Andrew Marvell

Andrew Marvell

Andrew Marvell, the son of a vicar, was born at Winestead-in-Holderness, in 1621. When he was a child the family moved to Hull and Marvell attended the local grammar school. In 1633 Marvell went to Trinity College, Cambridge.

After leaving university Marvell toured Europe visiting Holland, France, Italy and Spain. Although he spent most of the Civil War out of the country he was a strong supporter of Parliament and in 1650 he wrote a poem praising Oliver Cromwell, entitled Horatian Ode Upon Cromwell's Return from Ireland. Marvel also worked as tutor to the children of Sir Thomas Fairfax. His poem, Upon Appleton House, celebrated the retirement of Fairfax from the world of public affairs.

With the help of his friend, John Milton, Marvell became Assistant Latin Secretary to the Council of State in 1657. Two years later he was elected to the House of Commons where he represented Hull.

After the Restoration Marvell was an outspoken critic of the government of Charles II. Marvell was especially opposed to its failure to promote religious toleration. During this period he spent much of his time living in Russia, Sweden and Denmark.

Marvell wrote several political and religious satires such as Clarindon's Housewarming, The Last Instructions to a Painter, The Loyal Scot, The Statue in Stocks-Market and The Rehearsal Transposed. However, because of his radical views, little of his work was published in his lifetime. Marvell's attack on the monarchy, Account of the Growth of Popery and Arbitrary Government, was published anonymously.
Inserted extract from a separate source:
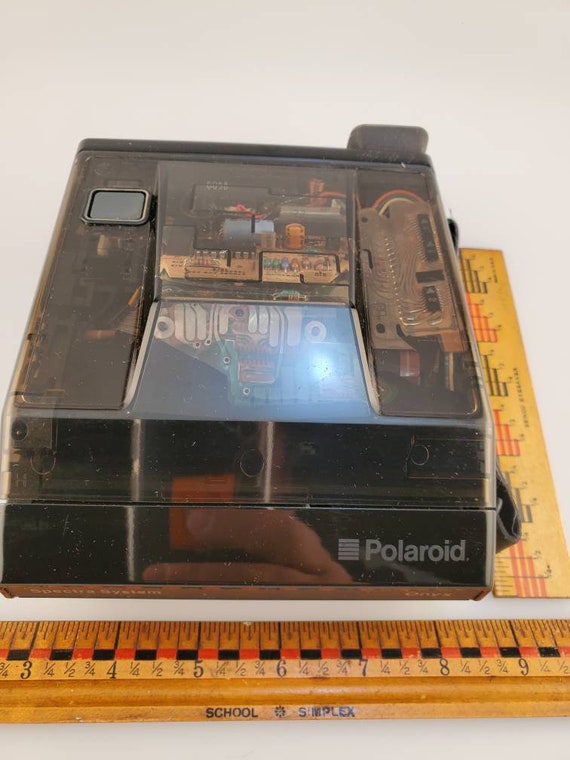 Polaroid ONYX, Polaroid ONYX Folding Flash Cam, See-thru Polaroid ONYX, Polaroid ONYX Folding Flash Cam, See-thru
Andrew Marvell died of tertian ague in 1678. Three years later his book, Miscellaneous Poems, was published. This included Marvell's most famous work, the love poem To His Coy Mistress. This was followed by Poems on Affairs of State (1689).

Primary Sources

(1) Andrew Marvell, Captain of the Commonwealth (1655)
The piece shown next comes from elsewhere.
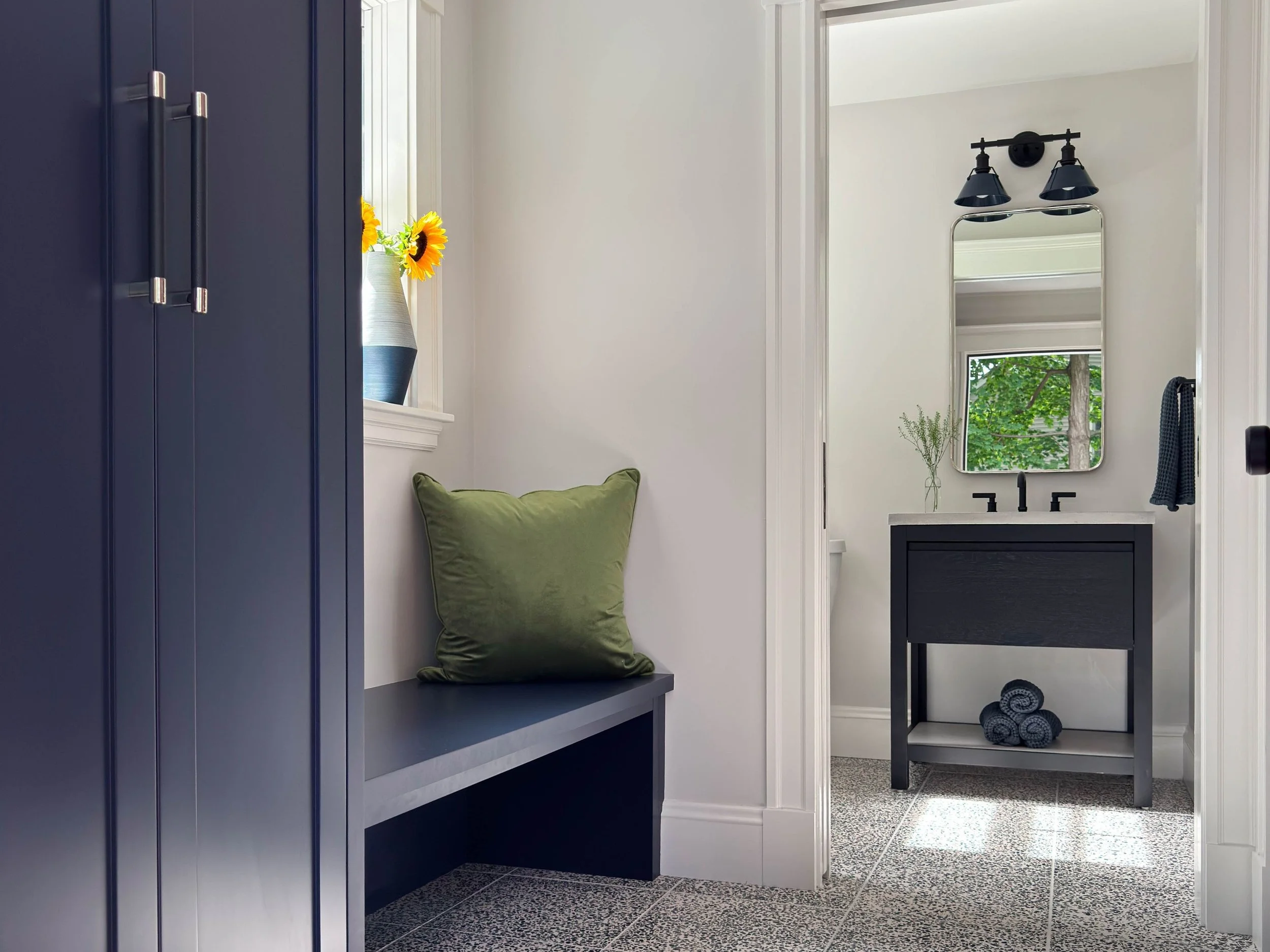 Newly added mudroom with custom deep royal blue cabinetry and bench with view into powder room showcasing a black stained oak vanity with concrete countertop and blue light fixture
Such was that wondrous order and consent,

When Cromwell tuned the ruling instrument;

While tedious statesmen many years did hack,

Framing a liberty that still went back;

Whose numerous gorge could swallow in an hour

That island, which the sea cannot devour:

Then our amphion issues out and sings,

And once he struck, and twice, the powerful strings.
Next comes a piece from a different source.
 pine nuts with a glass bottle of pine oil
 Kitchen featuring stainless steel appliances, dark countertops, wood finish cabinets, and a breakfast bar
The Commonwealth then first together came,

And each one entered in the willing frame;

All other Matter yields, and may be ruled;

But who the minds of stubborn men can build?

No Quarry bears a Stone so hardly wrought,

Nor with such labour from its centre brought;

None to be sunk in the foundation bends,

Each in the house the highest place contends,

And each the hand that lays him will direct,

And some fall back upon the architect;

Yet all composed by his attractive song,

Into the animated city throng.

The Commonwealth does through their centres all

Draw the Circumference of the public wall;

The grossest spirits here do take their part,

Fastening the contignation which they thwart;

And they, whose nature leads them to divide,

Uphold, this one, and that the other side;

But the most equal still sustain the height,

And they as pillars keep the work upright;

While the resistance of opposed minds,

The fabric as with arches stronger binds,

Which on the basis of a Senate free,

Knit by the roofs protecting weight agree.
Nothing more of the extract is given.